▶ Work instructions: Set down exactly the lines below, starting at the one that contains "Gamegenic GGS11035ML Matte" and ending at the one that contains "New 2025 Land", with both of those lines included and nothing else.

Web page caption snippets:

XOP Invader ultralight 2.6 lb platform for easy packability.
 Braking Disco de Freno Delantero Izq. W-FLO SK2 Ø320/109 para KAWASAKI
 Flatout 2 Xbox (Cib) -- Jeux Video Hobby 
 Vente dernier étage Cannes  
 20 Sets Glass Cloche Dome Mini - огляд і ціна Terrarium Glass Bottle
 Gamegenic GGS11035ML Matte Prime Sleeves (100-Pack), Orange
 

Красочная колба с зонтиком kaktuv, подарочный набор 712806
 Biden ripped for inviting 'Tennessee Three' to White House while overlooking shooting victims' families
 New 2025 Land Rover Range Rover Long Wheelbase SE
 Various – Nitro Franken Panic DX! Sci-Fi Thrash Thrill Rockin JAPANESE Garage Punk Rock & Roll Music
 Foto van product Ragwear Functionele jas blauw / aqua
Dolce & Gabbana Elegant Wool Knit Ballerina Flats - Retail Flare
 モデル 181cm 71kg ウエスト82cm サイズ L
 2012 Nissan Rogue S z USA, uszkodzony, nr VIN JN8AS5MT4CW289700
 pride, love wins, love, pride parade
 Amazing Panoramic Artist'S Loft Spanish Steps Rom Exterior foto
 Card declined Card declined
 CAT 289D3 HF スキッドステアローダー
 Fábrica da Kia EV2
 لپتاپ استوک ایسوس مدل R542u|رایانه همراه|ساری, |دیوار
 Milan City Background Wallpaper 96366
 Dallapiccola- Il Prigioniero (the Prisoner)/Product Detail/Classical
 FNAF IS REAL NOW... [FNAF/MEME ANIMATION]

▶ Worked solution:
 Gamegenic GGS11035ML Matte Prime Sleeves (100-Pack), Orange
 

Красочная колба с зонтиком kaktuv, подарочный набор 712806
 Biden ripped for inviting 'Tennessee Three' to White House while overlooking shooting victims' families
 New 2025 Land Rover Range Rover Long Wheelbase SE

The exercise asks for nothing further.